■ **WHAT YOU SHOULD DO**
Type out the full set of entries again, unchanged.

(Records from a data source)

◆ ◆ ◆

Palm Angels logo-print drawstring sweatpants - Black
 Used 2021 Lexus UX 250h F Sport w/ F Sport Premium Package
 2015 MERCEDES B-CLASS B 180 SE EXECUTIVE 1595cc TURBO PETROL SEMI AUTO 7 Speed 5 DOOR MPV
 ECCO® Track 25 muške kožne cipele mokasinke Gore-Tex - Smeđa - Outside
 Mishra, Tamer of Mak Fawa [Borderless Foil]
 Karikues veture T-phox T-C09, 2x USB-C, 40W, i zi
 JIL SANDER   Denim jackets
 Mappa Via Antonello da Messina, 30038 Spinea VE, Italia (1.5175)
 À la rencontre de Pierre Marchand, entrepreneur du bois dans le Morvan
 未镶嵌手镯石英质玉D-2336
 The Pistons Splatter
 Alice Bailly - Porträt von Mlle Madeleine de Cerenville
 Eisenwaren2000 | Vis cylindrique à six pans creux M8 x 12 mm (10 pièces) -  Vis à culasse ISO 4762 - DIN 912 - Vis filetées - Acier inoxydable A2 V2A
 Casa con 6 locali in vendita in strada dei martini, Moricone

◆ ◆ ◆

■ **PROBLEM SOLUTION**
Palm Angels logo-print drawstring sweatpants - Black
 Used 2021 Lexus UX 250h F Sport w/ F Sport Premium Package
 2015 MERCEDES B-CLASS B 180 SE EXECUTIVE 1595cc TURBO PETROL SEMI AUTO 7 Speed 5 DOOR MPV
 ECCO® Track 25 muške kožne cipele mokasinke Gore-Tex - Smeđa - Outside
 Mishra, Tamer of Mak Fawa [Borderless Foil]
 Karikues veture T-phox T-C09, 2x USB-C, 40W, i zi
 JIL SANDER   Denim jackets
 Mappa Via Antonello da Messina, 30038 Spinea VE, Italia (1.5175)
 À la rencontre de Pierre Marchand, entrepreneur du bois dans le Morvan
 未镶嵌手镯石英质玉D-2336
 The Pistons Splatter
 Alice Bailly - Porträt von Mlle Madeleine de Cerenville
 Eisenwaren2000 | Vis cylindrique à six pans creux M8 x 12 mm (10 pièces) -  Vis à culasse ISO 4762 - DIN 912 - Vis filetées - Acier inoxydable A2 V2A
 Casa con 6 locali in vendita in strada dei martini, Moricone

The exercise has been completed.